Anderson Costa

Personal information
- Full name: Anderson José de Jesus Costa
- Date of birth: 30 January 1980 (age 45)
- Place of birth: Salvador, Brazil
- Height: 1.82 m (6 ft 0 in)
- Position: Striker

Youth career
- 1999: Paris Saint-Germain
- 2000: RFC Liège

Senior career*
- Years: Team / Apps / (Gls)
- 2000: RFC Liège / 3 / (0)
- 2002–2004: Rad / 21 / (0)
- 2002: → Dinamo Pančevo (loan) / 14 / (3)
- 2006: XV de Piracicaba
- 2006–2007: Camacha / 9 / (0)
- 2008–2009: Santana / 25 / (16)
- 2009–2010: Camacha / 22 / (3)
- 2010: TSV St. Johann / 2 / (0)
- 2011: União da Madeira / 13 / (1)
- 2011–2013: Ribeira Brava / 42 / (11)
- 2013–2014: Oriental / 42 / (11)
- 2014: Loures / 11 / (1)
- 2017: Oriental / 2 / (0)
- 2018–2019: Safranbolu Belediyespor / 18 / (0)

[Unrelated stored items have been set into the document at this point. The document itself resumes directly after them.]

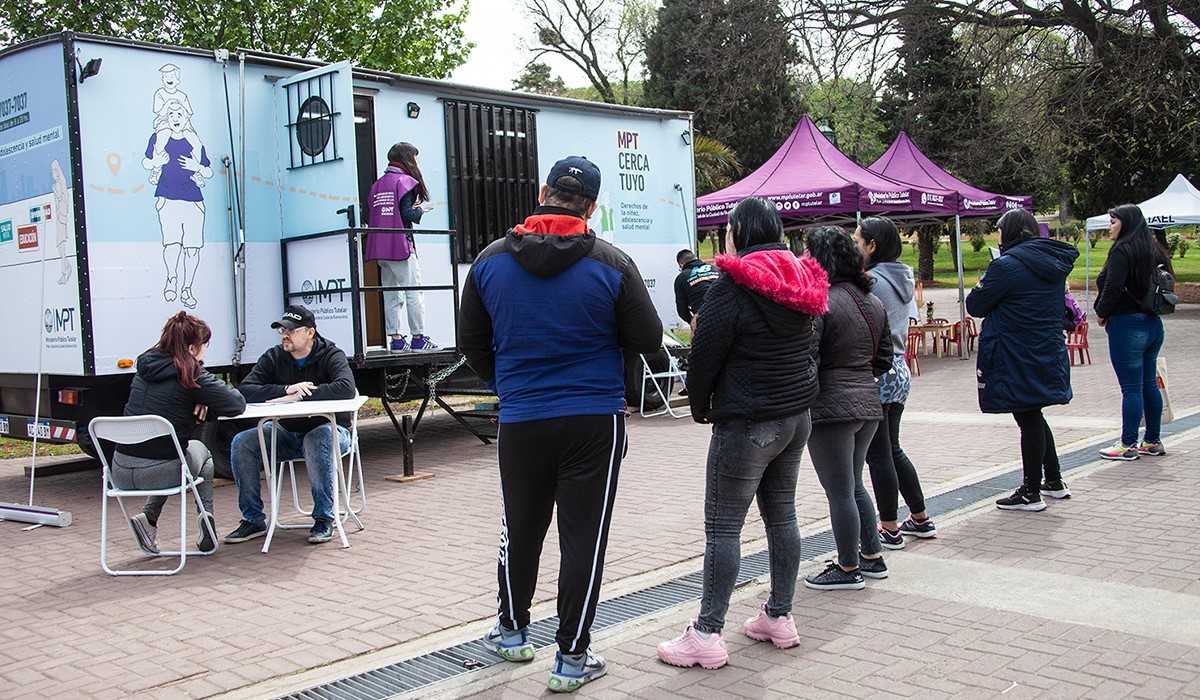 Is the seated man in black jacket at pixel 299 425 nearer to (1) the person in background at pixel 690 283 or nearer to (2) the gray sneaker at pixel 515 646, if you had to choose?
(2) the gray sneaker at pixel 515 646

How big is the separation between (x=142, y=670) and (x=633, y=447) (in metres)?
5.90

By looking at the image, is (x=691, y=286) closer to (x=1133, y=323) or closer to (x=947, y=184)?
(x=1133, y=323)

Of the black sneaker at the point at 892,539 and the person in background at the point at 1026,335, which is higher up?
the person in background at the point at 1026,335

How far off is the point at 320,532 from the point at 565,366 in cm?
324

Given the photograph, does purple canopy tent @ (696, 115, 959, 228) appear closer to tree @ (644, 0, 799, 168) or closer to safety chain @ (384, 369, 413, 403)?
safety chain @ (384, 369, 413, 403)

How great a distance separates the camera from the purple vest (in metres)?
8.80

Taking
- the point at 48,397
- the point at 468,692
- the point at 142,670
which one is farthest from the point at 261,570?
the point at 48,397

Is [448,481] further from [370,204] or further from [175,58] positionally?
[175,58]

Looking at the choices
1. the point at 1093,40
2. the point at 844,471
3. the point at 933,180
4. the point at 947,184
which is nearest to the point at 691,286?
the point at 844,471

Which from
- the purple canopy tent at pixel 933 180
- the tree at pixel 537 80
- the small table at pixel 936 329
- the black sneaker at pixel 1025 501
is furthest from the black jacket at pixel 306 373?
the tree at pixel 537 80

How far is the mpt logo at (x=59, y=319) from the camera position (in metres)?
8.01

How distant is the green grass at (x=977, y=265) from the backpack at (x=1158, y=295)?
2336 cm

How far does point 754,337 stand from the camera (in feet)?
13.4

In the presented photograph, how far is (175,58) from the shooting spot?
27.3 ft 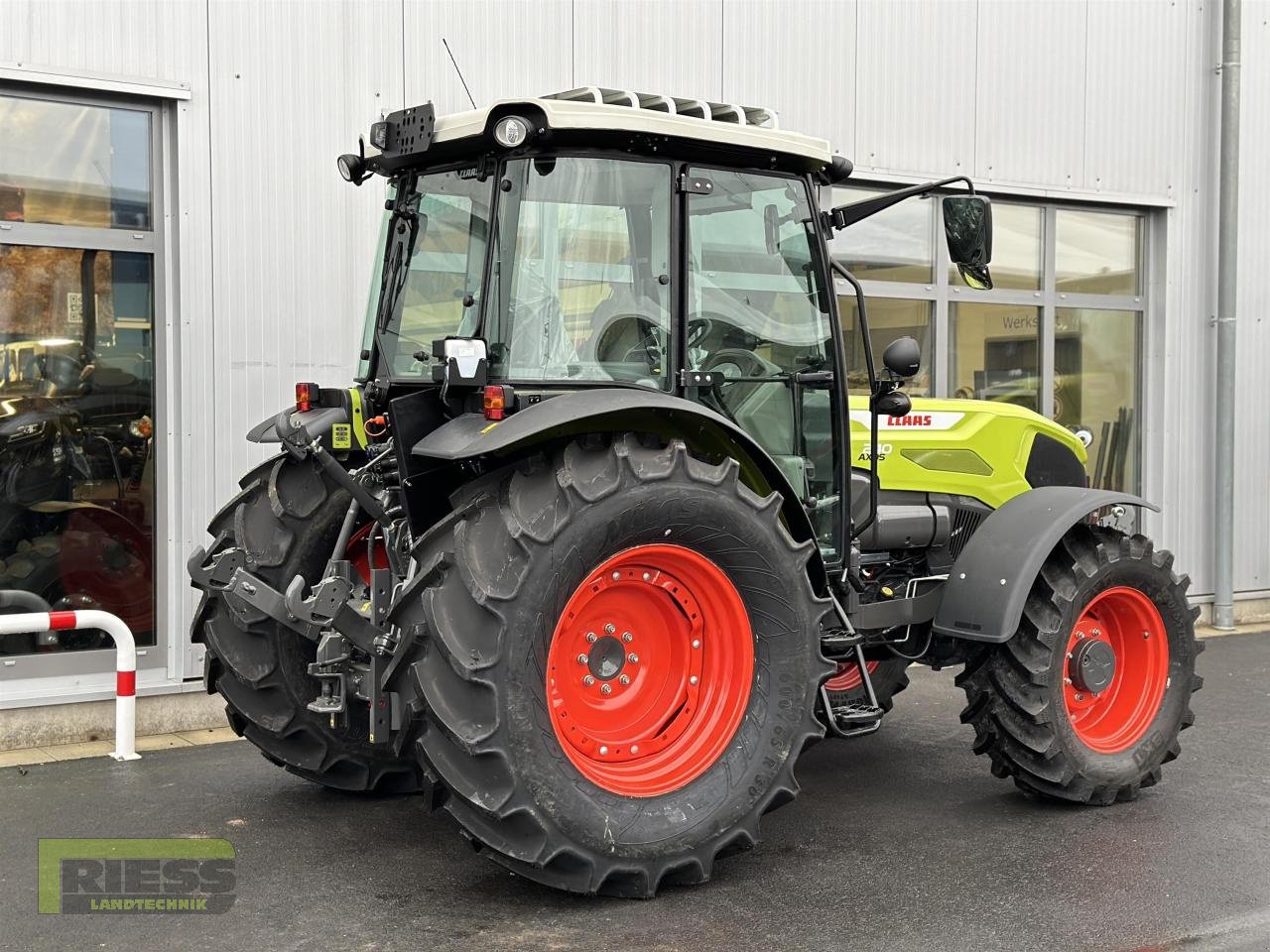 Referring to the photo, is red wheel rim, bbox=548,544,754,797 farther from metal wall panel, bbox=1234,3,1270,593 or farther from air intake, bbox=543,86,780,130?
metal wall panel, bbox=1234,3,1270,593

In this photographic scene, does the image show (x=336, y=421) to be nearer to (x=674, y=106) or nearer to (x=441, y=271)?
(x=441, y=271)

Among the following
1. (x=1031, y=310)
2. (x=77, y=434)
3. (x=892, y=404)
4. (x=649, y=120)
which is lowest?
(x=77, y=434)

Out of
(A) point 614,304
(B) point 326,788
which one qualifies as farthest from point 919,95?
(B) point 326,788

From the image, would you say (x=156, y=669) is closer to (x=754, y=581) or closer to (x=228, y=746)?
(x=228, y=746)

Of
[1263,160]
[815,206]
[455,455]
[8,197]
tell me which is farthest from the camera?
[1263,160]

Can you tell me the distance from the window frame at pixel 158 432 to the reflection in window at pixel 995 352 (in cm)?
512

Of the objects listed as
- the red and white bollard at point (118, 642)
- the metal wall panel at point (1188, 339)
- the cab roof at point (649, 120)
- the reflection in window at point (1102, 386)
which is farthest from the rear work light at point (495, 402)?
the metal wall panel at point (1188, 339)

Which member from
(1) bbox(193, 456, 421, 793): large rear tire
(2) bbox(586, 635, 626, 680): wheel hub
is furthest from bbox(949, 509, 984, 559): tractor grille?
(1) bbox(193, 456, 421, 793): large rear tire

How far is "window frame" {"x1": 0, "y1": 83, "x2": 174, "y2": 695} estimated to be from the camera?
6.55m

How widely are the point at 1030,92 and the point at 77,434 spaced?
21.2 ft

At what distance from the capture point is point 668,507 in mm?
4230

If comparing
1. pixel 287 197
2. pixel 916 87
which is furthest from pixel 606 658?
pixel 916 87

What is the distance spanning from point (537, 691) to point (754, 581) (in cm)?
81

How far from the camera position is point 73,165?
21.6 ft
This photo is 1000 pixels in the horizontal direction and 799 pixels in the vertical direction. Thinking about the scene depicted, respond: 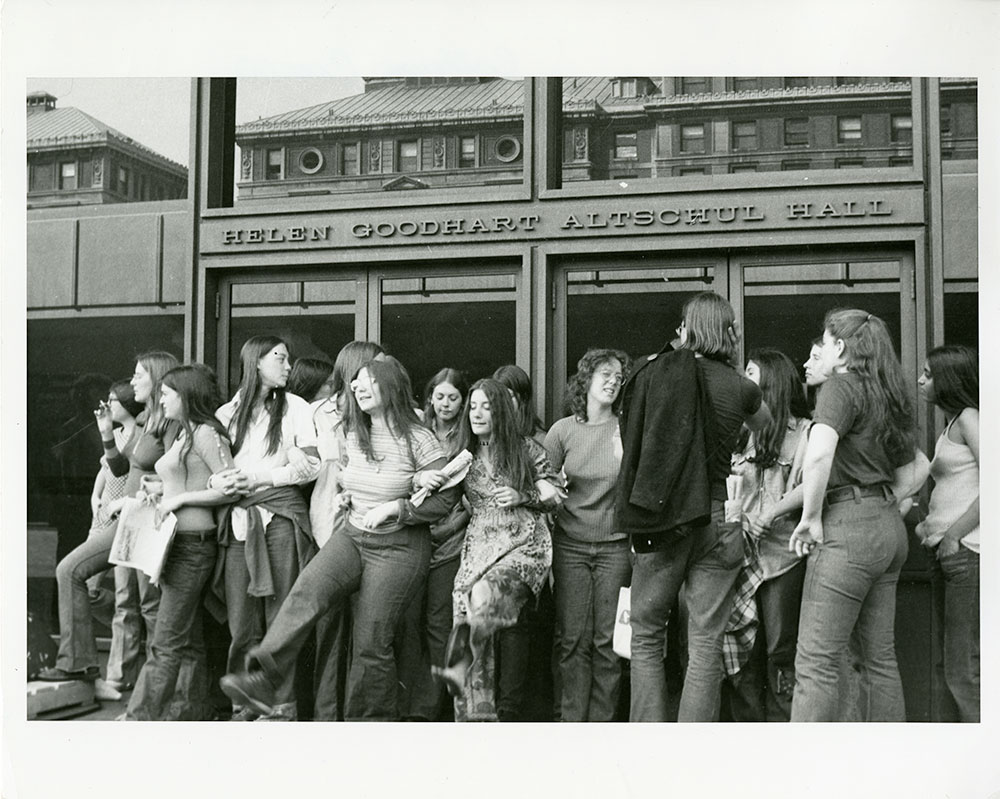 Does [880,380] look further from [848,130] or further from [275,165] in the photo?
[275,165]

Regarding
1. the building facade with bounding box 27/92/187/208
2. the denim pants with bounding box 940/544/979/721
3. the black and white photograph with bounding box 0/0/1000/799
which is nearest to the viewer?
the black and white photograph with bounding box 0/0/1000/799

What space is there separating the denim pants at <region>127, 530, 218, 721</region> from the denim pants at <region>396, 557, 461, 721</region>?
1072 mm

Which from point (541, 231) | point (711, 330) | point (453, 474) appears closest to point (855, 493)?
point (711, 330)

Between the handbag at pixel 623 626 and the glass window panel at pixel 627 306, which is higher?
the glass window panel at pixel 627 306

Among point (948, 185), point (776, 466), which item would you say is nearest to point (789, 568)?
point (776, 466)

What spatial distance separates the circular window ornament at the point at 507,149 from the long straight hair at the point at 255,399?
1607 millimetres

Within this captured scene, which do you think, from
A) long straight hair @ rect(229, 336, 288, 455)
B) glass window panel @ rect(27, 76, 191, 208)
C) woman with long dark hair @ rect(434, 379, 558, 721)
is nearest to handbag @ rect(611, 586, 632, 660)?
woman with long dark hair @ rect(434, 379, 558, 721)

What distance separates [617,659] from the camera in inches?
222

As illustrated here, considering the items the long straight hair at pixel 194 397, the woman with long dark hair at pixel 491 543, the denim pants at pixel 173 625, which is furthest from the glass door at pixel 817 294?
the denim pants at pixel 173 625

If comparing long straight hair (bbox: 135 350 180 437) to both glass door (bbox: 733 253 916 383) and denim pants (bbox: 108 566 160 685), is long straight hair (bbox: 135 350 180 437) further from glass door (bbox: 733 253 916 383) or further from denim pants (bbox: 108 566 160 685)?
glass door (bbox: 733 253 916 383)

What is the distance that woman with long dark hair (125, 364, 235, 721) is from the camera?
18.9 ft

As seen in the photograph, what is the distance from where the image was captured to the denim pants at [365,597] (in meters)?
5.48

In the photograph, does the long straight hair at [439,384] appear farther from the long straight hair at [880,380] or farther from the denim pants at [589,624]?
the long straight hair at [880,380]
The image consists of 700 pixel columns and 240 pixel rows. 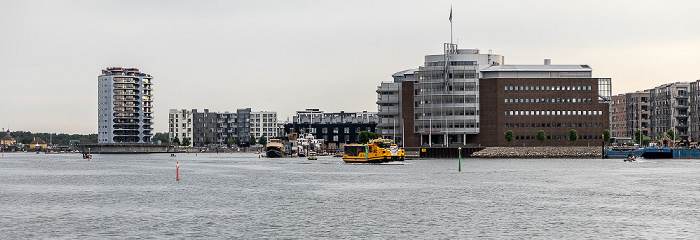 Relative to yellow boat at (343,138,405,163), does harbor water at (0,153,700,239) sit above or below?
below

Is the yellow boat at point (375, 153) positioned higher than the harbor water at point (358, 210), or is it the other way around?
the yellow boat at point (375, 153)

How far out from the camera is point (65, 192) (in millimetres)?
86375

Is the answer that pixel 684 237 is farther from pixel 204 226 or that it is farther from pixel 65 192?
pixel 65 192

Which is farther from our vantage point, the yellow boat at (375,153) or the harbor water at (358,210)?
the yellow boat at (375,153)

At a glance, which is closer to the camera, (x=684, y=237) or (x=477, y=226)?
(x=684, y=237)

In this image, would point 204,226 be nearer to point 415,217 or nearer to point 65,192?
point 415,217

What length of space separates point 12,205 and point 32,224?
651 inches

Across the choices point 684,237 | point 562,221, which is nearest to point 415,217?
point 562,221

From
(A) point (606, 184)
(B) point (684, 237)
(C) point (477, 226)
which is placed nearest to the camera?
(B) point (684, 237)

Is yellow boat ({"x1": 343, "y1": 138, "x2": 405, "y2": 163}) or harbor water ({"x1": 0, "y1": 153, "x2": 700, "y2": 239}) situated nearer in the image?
harbor water ({"x1": 0, "y1": 153, "x2": 700, "y2": 239})

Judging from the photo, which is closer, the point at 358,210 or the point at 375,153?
the point at 358,210

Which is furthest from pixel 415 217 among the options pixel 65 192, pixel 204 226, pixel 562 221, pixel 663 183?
pixel 663 183

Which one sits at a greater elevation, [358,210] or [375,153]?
[375,153]

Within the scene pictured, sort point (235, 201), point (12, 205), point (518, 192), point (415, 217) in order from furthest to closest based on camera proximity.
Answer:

= Anderson Costa (footballer, born 1980) =

Brazilian footballer

Anderson José de Jesus Costa (born 30 January 1980) is a Brazilian former professional footballer who played as a striker.

==Career==
Anderson Costa initially came to FR Yugoslavia for a trial at First League side Rad in May 2002. He later signed with the Belgrade club and played eight games in the first half of the 2002–03 season, before going on loan to Second League side Dinamo Pančevo. In early 2006, Anderson Costa returned to Brazil and joined XV de Piracicaba.

In September 2006, Anderson Costa moved back to Europe and signed with Portuguese club Camacha. He spent the rest of his career in the lower leagues of Portugal, before retiring in 2017.

He also played Austrian side TSV St. Johann and Turkish Safranbolu Belediyespor.